> _Aim of the exercise_: The expected output is a verbatim reprint of the lines from the beginning of the data that follows through the line that contains "Used 2024 BMW".

::: Provided records :::

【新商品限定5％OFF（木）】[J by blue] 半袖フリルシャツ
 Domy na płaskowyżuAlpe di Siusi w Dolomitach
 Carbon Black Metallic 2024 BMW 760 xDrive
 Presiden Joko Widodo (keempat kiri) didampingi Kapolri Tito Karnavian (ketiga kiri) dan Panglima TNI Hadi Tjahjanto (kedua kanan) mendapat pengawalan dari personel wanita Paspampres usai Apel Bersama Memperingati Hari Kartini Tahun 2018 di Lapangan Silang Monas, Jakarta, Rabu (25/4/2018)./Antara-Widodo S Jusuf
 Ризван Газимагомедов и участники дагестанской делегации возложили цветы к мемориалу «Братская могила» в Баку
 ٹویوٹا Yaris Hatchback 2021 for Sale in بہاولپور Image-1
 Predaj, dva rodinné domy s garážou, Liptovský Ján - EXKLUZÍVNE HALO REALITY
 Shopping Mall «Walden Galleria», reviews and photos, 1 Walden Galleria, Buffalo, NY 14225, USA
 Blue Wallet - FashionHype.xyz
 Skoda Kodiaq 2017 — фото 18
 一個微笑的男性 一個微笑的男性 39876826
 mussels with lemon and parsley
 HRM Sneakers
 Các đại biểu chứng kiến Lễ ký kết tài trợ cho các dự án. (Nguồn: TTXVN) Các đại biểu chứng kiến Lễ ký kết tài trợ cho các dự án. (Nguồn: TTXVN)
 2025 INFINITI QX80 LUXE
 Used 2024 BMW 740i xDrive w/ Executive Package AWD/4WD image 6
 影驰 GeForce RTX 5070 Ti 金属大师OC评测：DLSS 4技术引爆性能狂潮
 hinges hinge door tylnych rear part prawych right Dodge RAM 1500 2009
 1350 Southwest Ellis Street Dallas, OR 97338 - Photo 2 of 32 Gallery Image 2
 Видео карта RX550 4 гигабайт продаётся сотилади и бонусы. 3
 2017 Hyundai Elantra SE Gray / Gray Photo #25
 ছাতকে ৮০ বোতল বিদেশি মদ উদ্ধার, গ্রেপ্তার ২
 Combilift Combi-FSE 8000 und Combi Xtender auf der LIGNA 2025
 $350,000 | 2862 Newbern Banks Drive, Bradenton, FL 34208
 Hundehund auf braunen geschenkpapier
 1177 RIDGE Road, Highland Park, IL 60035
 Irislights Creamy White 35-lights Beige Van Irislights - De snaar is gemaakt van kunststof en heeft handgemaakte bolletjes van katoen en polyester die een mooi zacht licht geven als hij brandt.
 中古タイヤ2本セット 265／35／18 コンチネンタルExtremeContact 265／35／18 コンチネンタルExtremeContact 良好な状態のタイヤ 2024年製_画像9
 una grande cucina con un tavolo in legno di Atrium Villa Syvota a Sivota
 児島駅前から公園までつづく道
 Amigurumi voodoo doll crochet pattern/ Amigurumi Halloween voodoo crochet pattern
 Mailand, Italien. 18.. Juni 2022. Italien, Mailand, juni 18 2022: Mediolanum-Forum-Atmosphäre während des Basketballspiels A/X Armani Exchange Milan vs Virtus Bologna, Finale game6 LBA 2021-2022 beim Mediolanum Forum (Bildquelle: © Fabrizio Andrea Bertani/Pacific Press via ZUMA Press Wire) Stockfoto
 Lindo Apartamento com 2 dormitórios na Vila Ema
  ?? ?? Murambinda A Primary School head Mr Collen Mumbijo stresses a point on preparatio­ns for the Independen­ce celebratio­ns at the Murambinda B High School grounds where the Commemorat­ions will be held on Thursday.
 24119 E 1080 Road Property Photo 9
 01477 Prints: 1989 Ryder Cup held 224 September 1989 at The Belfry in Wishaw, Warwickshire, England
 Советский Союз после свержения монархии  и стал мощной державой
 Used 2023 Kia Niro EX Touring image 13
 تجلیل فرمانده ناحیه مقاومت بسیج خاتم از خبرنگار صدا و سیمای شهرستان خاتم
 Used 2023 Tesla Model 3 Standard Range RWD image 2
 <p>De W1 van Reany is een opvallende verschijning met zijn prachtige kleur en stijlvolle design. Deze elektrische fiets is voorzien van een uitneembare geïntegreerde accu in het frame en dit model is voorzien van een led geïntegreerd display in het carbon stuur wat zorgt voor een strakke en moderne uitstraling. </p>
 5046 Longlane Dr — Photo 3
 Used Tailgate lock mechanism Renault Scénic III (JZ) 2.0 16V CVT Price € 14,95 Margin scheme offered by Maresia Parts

:::

> _Answer box_:
【新商品限定5％OFF（木）】[J by blue] 半袖フリルシャツ
 Domy na płaskowyżuAlpe di Siusi w Dolomitach
 Carbon Black Metallic 2024 BMW 760 xDrive
 Presiden Joko Widodo (keempat kiri) didampingi Kapolri Tito Karnavian (ketiga kiri) dan Panglima TNI Hadi Tjahjanto (kedua kanan) mendapat pengawalan dari personel wanita Paspampres usai Apel Bersama Memperingati Hari Kartini Tahun 2018 di Lapangan Silang Monas, Jakarta, Rabu (25/4/2018)./Antara-Widodo S Jusuf
 Ризван Газимагомедов и участники дагестанской делегации возложили цветы к мемориалу «Братская могила» в Баку
 ٹویوٹا Yaris Hatchback 2021 for Sale in بہاولپور Image-1
 Predaj, dva rodinné domy s garážou, Liptovský Ján - EXKLUZÍVNE HALO REALITY
 Shopping Mall «Walden Galleria», reviews and photos, 1 Walden Galleria, Buffalo, NY 14225, USA
 Blue Wallet - FashionHype.xyz
 Skoda Kodiaq 2017 — фото 18
 一個微笑的男性 一個微笑的男性 39876826
 mussels with lemon and parsley
 HRM Sneakers
 Các đại biểu chứng kiến Lễ ký kết tài trợ cho các dự án. (Nguồn: TTXVN) Các đại biểu chứng kiến Lễ ký kết tài trợ cho các dự án. (Nguồn: TTXVN)
 2025 INFINITI QX80 LUXE
 Used 2024 BMW 740i xDrive w/ Executive Package AWD/4WD image 6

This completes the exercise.